Top of RECORDS SUPPLIED

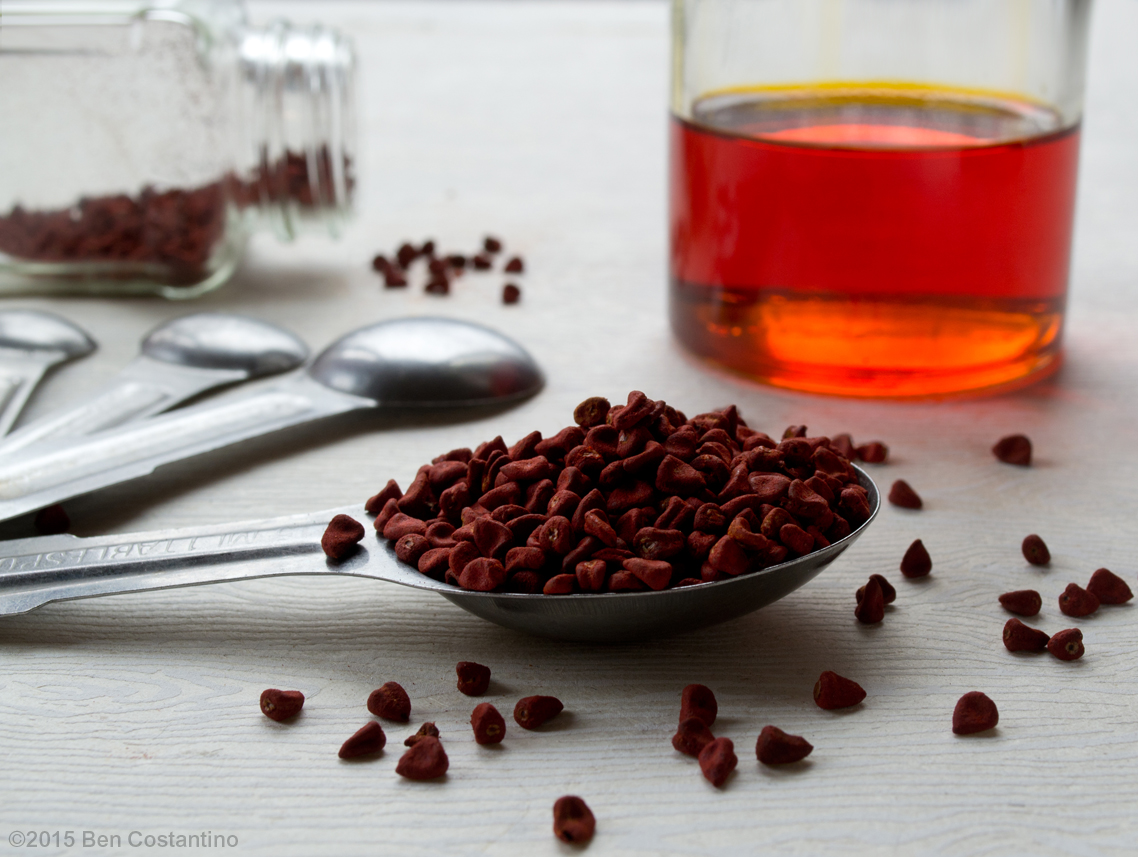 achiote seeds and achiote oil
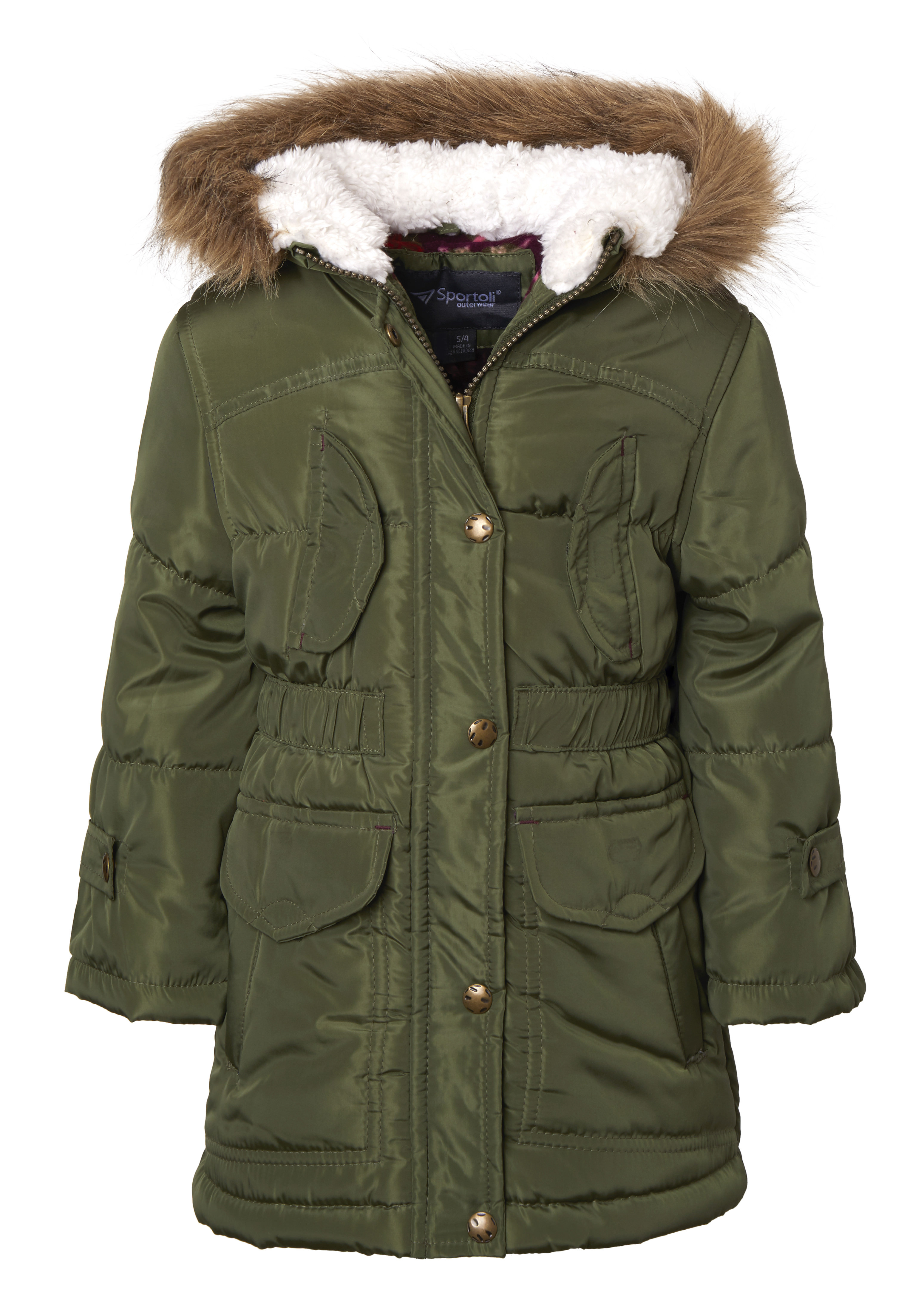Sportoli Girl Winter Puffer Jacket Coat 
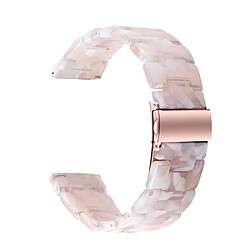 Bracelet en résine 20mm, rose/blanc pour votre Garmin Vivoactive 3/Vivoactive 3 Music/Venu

Bottom of RECORDS SUPPLIED
Top of RECORDS SUPPLIED

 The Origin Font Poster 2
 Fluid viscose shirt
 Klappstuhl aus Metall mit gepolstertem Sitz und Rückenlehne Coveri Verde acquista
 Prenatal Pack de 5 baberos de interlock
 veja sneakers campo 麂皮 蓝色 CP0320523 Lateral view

Bottom of RECORDS SUPPLIED
Top of RECORDS SUPPLIED

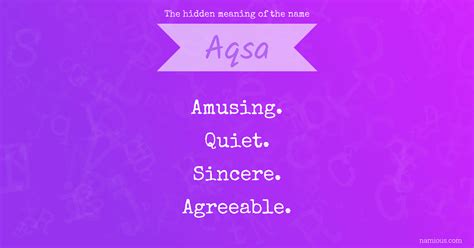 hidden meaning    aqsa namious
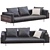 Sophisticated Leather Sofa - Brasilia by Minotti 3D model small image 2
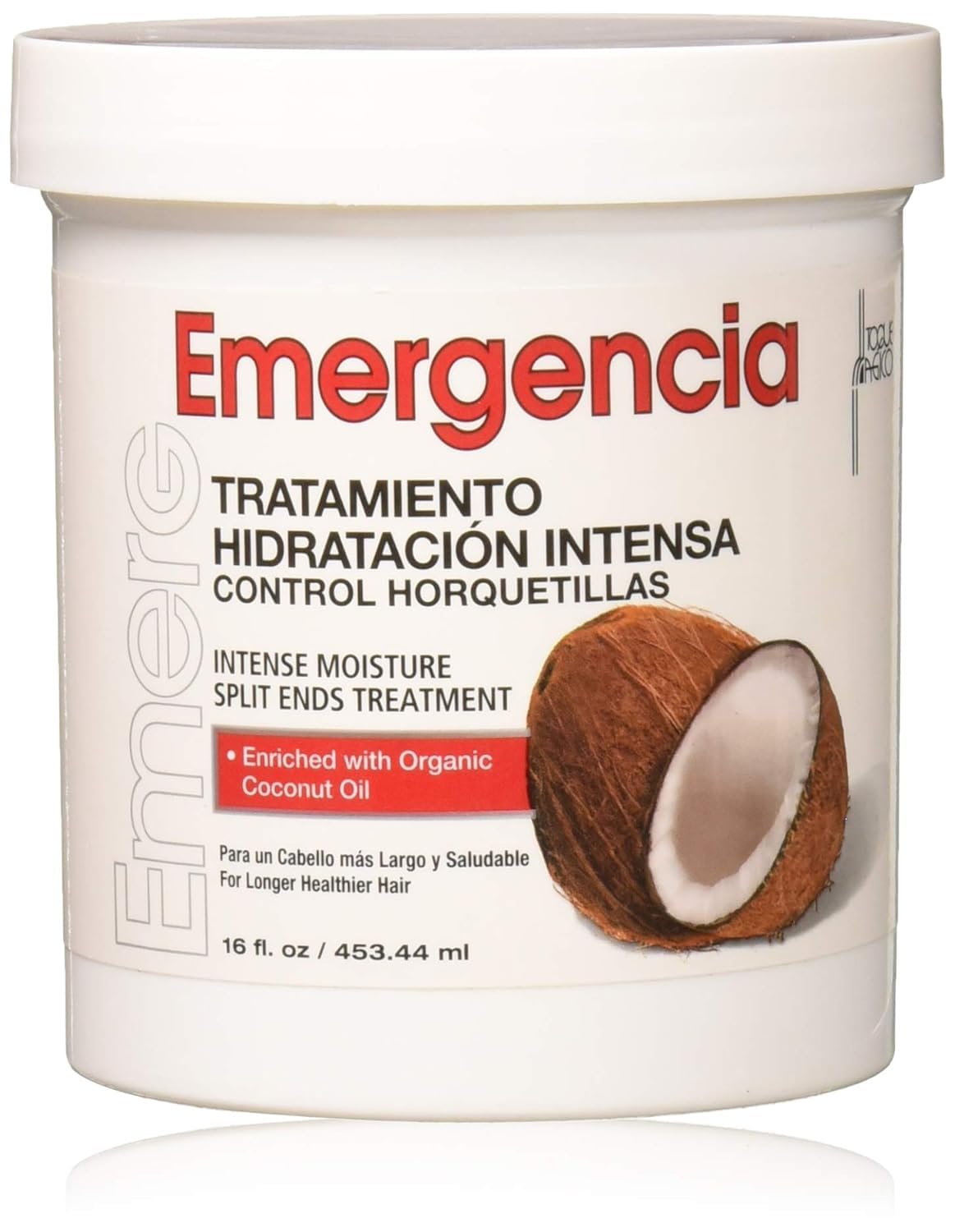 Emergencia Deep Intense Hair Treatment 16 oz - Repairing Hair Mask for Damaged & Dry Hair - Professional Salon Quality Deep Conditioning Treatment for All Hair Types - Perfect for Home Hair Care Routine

Bottom of RECORDS SUPPLIED

TO DO
For the listing above, print only the lines starting at the line containing "The Origin Font Poster 2" and ending at the line containing "veja sneakers campo", exactly, both included.

WRITTEN ANSWER
 The Origin Font Poster 2
 Fluid viscose shirt
 Klappstuhl aus Metall mit gepolstertem Sitz und Rückenlehne Coveri Verde acquista
 Prenatal Pack de 5 baberos de interlock
 veja sneakers campo 麂皮 蓝色 CP0320523 Lateral view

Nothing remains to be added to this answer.